And who is this “they” she will oppose with such vigor, kemosabe??
Does she mean the duly elected state legislature as it sets policy for its own schools and universities, representing the public she is paid to SERVE?
And the “we” is her little outlaw encampment of fellows entrenched there on campus? Apparently university administrators could use some advanced instruction not just in logic but language and government too . . .

14 03 2007
misedjj

If indeed there is rampant misplaced self-importance among college students these days, I have a theory – also not yet accepted by an academic journal! — that their elders started it! JJ

Self-Awareness Not a Problem at College
WaPo Wednesday, February 28, 2007; A06

If you think it’s all about you, you are not alone.

A study led by Jean Twenge of San Diego State University says that college students are getting more narcissistic.

In an analysis of personality surveys given to U.S. college students during the past 25 years that asked for responses to statements such as “If I ruled the world, it would be a better place,” Twenge and the other researchers concluded that there’s been a moderate but significant generational change.
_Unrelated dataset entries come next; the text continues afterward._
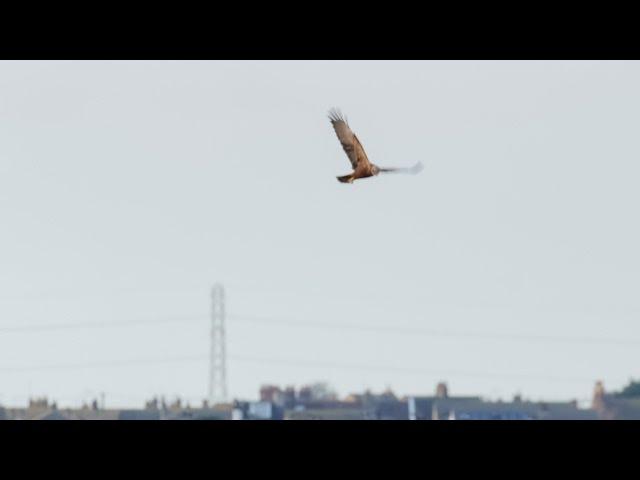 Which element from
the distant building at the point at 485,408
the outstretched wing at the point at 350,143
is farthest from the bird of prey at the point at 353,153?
the distant building at the point at 485,408

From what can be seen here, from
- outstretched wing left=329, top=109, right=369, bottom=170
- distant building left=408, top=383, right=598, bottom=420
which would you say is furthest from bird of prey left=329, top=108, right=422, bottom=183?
distant building left=408, top=383, right=598, bottom=420

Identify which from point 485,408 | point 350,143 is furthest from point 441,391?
point 350,143

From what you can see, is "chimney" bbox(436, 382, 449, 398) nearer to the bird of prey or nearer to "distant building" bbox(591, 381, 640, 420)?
"distant building" bbox(591, 381, 640, 420)

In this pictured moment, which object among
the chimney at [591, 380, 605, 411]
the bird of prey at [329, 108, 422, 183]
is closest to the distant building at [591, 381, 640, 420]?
the chimney at [591, 380, 605, 411]

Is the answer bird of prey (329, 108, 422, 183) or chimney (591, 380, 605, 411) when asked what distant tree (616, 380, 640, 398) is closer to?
chimney (591, 380, 605, 411)

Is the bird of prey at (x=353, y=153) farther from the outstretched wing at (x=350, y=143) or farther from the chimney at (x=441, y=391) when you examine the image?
the chimney at (x=441, y=391)

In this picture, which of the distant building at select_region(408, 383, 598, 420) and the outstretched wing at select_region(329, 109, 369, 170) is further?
the distant building at select_region(408, 383, 598, 420)

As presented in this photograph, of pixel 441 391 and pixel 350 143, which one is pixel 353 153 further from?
pixel 441 391

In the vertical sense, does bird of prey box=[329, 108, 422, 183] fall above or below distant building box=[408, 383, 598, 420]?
below

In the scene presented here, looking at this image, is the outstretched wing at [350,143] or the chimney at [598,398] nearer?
the outstretched wing at [350,143]

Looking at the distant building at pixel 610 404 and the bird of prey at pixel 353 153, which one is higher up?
the distant building at pixel 610 404
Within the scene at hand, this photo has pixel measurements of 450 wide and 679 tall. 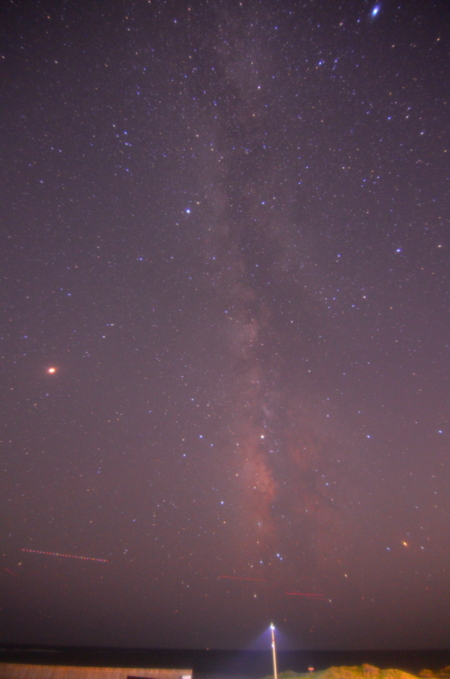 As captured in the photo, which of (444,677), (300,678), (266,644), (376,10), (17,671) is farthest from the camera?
(266,644)

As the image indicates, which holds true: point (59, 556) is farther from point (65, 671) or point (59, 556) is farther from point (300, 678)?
point (300, 678)

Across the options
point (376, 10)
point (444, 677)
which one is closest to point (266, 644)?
point (444, 677)

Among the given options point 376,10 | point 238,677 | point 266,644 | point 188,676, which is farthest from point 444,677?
point 266,644

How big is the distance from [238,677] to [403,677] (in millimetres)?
33805

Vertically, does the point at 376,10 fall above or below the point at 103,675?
above

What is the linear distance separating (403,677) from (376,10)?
32973 millimetres

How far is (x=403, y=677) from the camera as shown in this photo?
2083 centimetres

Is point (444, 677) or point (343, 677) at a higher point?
point (343, 677)

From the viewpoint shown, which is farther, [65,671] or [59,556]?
[59,556]

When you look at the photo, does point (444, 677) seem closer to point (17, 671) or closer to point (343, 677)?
point (343, 677)

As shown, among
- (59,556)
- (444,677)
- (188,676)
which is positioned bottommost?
(444,677)

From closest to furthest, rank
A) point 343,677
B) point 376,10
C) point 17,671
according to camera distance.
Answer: point 376,10 < point 17,671 < point 343,677

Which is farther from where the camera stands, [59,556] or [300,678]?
[300,678]

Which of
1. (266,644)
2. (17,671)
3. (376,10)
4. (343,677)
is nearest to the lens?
(376,10) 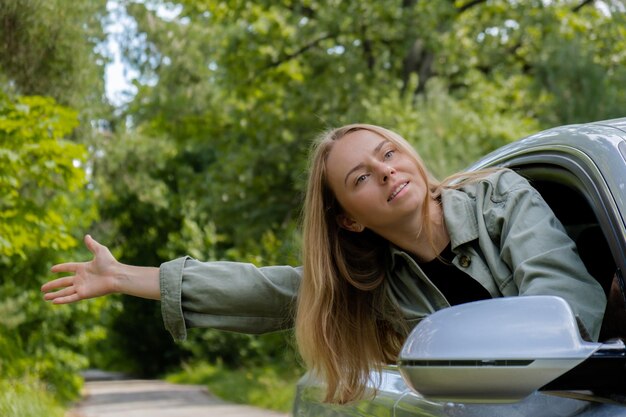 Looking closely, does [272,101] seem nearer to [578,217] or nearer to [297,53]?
[297,53]

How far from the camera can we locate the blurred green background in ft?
49.7

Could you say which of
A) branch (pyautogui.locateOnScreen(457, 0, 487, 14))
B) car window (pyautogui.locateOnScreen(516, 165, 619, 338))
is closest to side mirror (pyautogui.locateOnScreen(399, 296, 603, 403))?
car window (pyautogui.locateOnScreen(516, 165, 619, 338))

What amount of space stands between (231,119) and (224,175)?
1.36 metres

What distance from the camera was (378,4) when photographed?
61.3 ft

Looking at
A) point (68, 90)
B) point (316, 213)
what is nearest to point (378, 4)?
point (68, 90)

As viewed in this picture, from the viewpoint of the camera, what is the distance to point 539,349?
5.43 feet

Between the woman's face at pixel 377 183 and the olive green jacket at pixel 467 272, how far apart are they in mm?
80

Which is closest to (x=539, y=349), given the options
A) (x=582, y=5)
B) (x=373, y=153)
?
(x=373, y=153)

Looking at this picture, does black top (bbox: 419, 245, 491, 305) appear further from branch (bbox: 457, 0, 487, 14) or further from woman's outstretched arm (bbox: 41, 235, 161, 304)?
branch (bbox: 457, 0, 487, 14)

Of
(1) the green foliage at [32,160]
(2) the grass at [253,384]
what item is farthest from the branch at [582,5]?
(1) the green foliage at [32,160]

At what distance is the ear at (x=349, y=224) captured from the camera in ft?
8.88

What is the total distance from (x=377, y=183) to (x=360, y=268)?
287 millimetres

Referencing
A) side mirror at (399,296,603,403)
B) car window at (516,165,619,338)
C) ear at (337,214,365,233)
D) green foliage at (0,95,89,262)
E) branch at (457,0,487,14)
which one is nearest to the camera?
side mirror at (399,296,603,403)

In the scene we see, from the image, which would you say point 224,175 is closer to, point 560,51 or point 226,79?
point 226,79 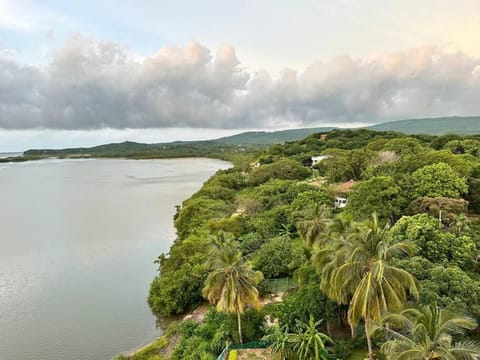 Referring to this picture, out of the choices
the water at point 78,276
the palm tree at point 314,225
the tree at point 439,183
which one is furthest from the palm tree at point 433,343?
the tree at point 439,183

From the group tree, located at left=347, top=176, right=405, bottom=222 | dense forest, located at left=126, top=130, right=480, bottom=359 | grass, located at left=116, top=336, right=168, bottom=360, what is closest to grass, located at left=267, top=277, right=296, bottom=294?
dense forest, located at left=126, top=130, right=480, bottom=359

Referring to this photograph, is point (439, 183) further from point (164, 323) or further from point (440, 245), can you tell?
point (164, 323)

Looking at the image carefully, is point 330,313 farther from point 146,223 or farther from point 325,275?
point 146,223

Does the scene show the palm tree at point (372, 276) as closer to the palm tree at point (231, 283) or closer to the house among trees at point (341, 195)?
the palm tree at point (231, 283)

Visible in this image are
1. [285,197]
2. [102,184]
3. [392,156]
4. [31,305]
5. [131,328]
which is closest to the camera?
[131,328]

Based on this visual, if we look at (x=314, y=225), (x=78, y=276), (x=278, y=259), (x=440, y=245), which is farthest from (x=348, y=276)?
(x=78, y=276)

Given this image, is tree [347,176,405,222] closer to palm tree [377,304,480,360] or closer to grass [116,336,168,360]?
grass [116,336,168,360]

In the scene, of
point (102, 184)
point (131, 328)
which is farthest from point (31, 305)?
point (102, 184) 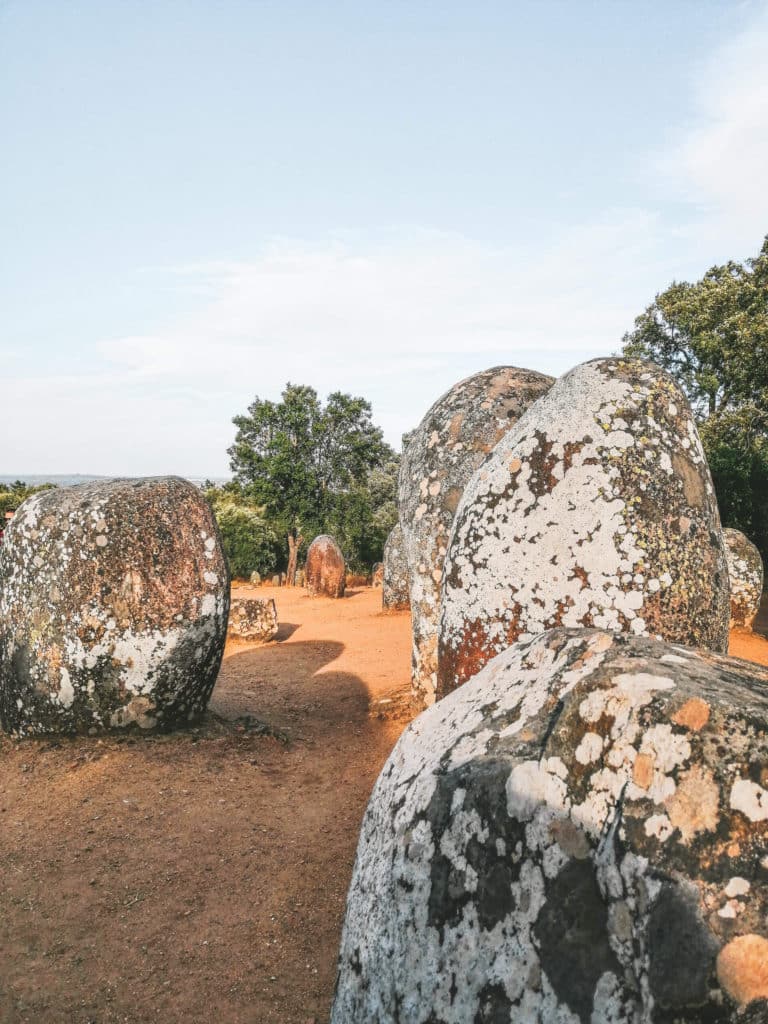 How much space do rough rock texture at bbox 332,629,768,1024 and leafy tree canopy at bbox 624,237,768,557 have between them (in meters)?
19.9

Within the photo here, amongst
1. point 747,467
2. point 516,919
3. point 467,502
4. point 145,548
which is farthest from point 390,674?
point 747,467

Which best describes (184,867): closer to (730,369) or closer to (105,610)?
(105,610)

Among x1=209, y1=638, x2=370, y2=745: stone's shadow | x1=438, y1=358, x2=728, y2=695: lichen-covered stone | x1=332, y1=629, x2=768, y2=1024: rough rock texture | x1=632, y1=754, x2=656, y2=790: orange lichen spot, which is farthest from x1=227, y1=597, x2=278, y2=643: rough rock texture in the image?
x1=632, y1=754, x2=656, y2=790: orange lichen spot

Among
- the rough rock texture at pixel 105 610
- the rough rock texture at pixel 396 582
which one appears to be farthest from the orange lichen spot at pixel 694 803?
the rough rock texture at pixel 396 582

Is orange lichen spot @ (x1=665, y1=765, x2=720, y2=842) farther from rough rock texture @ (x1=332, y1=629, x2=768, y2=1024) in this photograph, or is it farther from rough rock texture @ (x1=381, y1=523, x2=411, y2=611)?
rough rock texture @ (x1=381, y1=523, x2=411, y2=611)

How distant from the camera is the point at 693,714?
5.96 feet

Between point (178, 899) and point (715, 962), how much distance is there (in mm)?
3891

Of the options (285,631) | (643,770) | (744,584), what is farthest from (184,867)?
(744,584)

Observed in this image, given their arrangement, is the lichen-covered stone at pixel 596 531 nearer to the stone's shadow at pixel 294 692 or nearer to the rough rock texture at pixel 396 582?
the stone's shadow at pixel 294 692

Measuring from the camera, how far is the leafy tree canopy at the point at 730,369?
2019 cm

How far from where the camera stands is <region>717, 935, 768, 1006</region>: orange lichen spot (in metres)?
1.45

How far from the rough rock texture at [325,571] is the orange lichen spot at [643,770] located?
20.2 m

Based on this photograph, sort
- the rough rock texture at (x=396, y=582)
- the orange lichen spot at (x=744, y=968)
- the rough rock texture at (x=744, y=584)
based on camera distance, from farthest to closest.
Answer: the rough rock texture at (x=396, y=582) < the rough rock texture at (x=744, y=584) < the orange lichen spot at (x=744, y=968)

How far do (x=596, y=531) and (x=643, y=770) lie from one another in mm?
2835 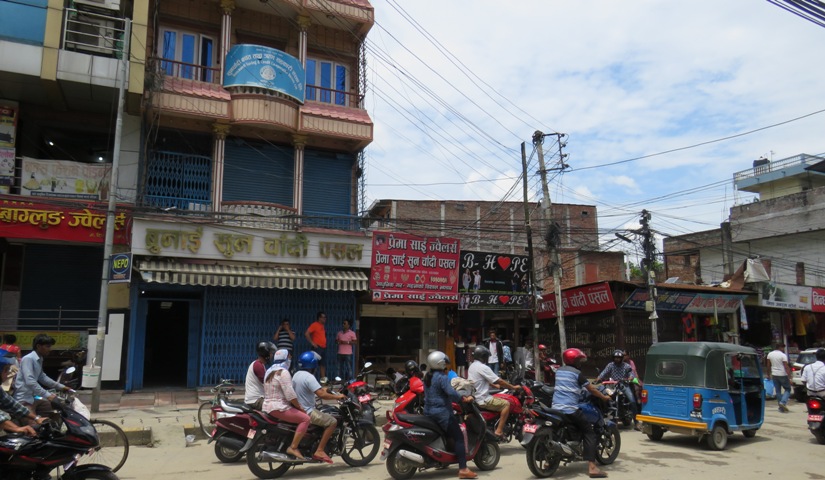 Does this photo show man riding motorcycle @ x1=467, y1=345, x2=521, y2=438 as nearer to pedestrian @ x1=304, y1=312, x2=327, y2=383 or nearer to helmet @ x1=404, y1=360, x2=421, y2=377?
helmet @ x1=404, y1=360, x2=421, y2=377

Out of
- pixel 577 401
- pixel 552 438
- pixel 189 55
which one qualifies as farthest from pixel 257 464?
pixel 189 55

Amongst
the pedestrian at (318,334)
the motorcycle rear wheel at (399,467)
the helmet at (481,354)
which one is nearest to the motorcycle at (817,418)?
the helmet at (481,354)

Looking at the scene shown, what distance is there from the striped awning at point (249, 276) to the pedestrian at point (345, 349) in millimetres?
1115

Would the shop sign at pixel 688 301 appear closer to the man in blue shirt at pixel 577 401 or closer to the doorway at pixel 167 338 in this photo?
the man in blue shirt at pixel 577 401

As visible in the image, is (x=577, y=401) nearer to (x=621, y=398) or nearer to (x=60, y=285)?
(x=621, y=398)

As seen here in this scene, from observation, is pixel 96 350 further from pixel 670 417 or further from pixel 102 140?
pixel 670 417

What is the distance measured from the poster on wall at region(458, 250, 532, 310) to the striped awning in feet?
11.3

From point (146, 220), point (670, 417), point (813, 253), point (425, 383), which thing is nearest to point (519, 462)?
point (425, 383)

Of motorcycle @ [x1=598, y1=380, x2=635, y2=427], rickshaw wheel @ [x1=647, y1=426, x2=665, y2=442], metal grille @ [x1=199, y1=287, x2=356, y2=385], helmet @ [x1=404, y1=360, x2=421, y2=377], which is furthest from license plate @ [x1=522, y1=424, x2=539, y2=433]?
metal grille @ [x1=199, y1=287, x2=356, y2=385]

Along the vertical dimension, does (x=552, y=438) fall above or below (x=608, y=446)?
Result: above

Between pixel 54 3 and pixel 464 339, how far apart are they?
567 inches

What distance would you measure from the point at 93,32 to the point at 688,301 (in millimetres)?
21021

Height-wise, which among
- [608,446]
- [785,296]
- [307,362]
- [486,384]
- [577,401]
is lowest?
[608,446]

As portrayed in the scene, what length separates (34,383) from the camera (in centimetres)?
692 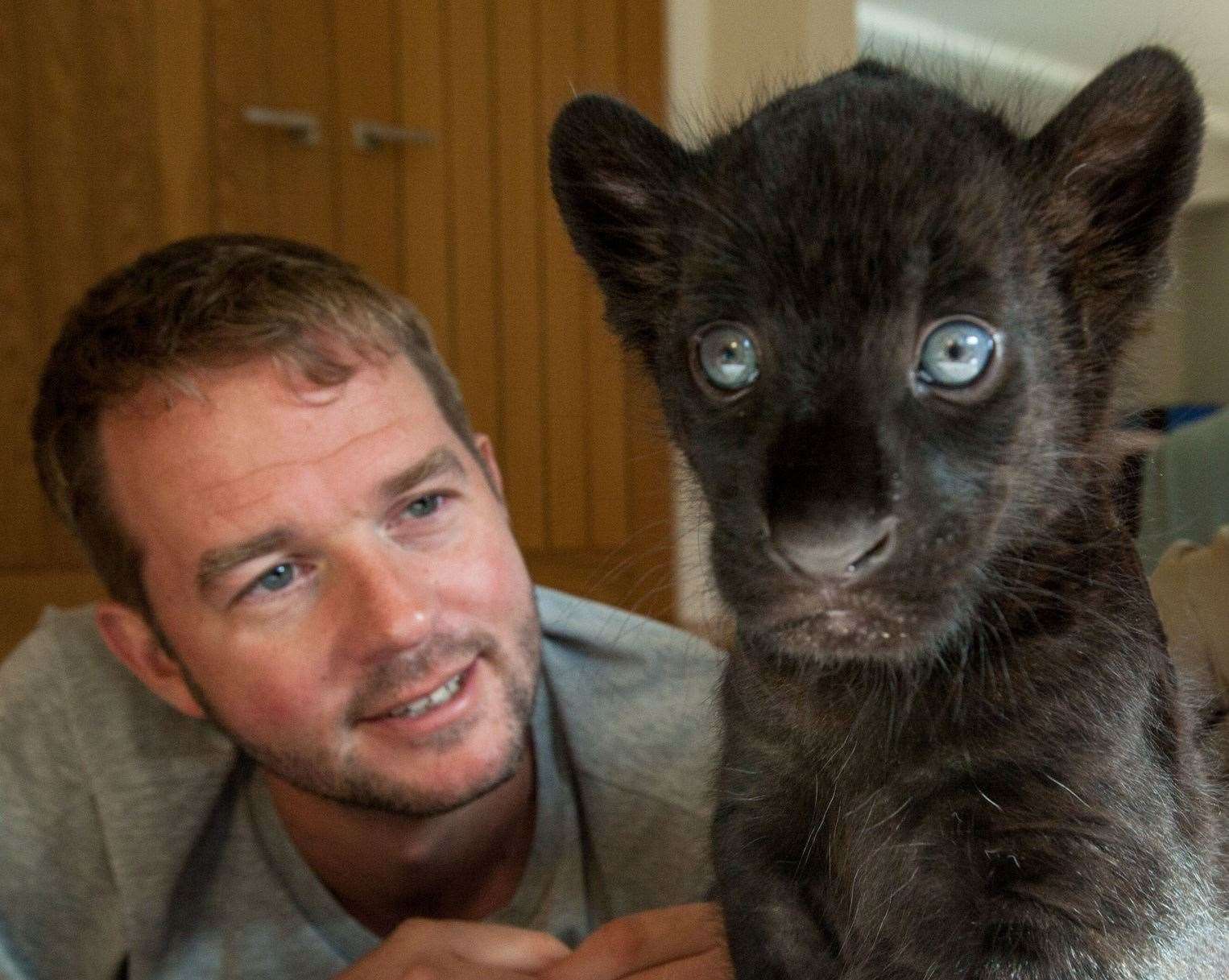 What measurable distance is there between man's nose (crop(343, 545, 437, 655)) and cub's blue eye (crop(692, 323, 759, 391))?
0.84 m

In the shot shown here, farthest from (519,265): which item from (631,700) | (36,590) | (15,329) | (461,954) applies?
(461,954)

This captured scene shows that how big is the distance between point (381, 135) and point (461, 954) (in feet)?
9.56

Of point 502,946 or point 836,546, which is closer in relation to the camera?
point 836,546

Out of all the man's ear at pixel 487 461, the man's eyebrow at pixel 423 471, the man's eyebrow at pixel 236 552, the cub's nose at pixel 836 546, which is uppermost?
the cub's nose at pixel 836 546

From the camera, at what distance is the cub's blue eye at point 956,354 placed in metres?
0.73

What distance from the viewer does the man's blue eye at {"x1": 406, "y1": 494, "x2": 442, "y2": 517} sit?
169cm

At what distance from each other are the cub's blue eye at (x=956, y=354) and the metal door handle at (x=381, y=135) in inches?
129

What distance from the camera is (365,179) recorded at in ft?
12.4

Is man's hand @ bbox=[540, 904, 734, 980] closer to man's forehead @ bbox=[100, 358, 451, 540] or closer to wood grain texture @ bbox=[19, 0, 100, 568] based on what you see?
man's forehead @ bbox=[100, 358, 451, 540]

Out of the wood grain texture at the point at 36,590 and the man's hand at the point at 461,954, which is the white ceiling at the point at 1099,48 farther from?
the wood grain texture at the point at 36,590

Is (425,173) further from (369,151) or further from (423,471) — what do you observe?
(423,471)

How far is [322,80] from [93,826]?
8.26 ft

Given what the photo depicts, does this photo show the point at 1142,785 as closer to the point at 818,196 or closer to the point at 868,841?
the point at 868,841

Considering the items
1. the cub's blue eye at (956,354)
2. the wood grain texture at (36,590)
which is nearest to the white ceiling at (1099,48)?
the cub's blue eye at (956,354)
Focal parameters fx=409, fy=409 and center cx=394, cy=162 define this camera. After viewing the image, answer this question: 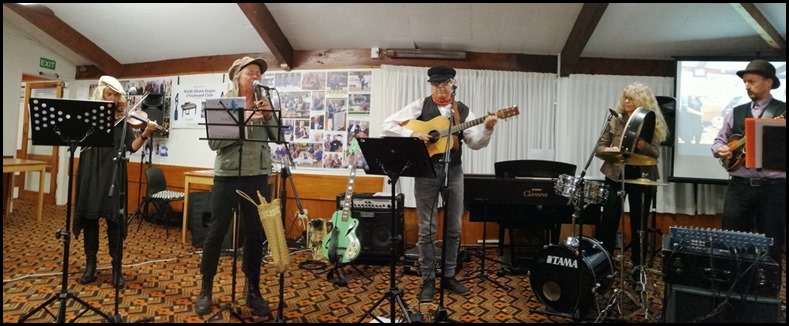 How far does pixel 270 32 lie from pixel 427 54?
1804mm

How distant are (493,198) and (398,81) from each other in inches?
79.4

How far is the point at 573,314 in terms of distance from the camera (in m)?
2.65

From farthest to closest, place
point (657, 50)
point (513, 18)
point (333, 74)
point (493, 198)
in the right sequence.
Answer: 1. point (333, 74)
2. point (657, 50)
3. point (513, 18)
4. point (493, 198)

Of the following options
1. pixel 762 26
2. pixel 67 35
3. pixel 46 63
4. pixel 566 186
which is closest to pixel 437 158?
pixel 566 186

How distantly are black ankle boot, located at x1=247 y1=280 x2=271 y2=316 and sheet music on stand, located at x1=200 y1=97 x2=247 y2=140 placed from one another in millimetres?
986

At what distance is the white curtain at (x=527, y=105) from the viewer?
4.86 metres

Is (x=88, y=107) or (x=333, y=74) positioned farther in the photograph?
(x=333, y=74)

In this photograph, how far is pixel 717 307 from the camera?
7.61 feet

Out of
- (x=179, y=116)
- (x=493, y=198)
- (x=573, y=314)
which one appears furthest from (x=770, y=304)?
(x=179, y=116)

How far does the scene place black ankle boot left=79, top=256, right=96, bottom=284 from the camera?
3.15 metres

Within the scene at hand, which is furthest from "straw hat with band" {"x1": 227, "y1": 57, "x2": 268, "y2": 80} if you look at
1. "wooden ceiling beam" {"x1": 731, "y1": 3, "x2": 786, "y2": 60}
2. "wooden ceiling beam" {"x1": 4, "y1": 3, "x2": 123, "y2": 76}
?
"wooden ceiling beam" {"x1": 731, "y1": 3, "x2": 786, "y2": 60}

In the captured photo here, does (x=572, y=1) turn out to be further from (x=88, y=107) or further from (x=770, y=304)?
(x=88, y=107)

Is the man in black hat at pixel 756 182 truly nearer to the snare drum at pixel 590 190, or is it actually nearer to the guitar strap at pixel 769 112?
the guitar strap at pixel 769 112

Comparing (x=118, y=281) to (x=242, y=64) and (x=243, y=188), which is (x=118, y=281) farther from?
(x=242, y=64)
In other words, young people today are somewhat more likely to be self-absorbed, attention-seeking and power-hungry. . .

16 03 2007
misedjj

This whole stance goes against dual enrollment in high school and college courses, not just for homeschooled kids but ALL kids! So, it is something all Thinking Parents need to ridicule imo.

Personal Disclaimer — I am mom to a kid who started taking college courses at age 15. She has earned a perfect GPA, a full year of college credits, admission to the honors program and a theatre scholarship. She still isn’t 17, much less 18.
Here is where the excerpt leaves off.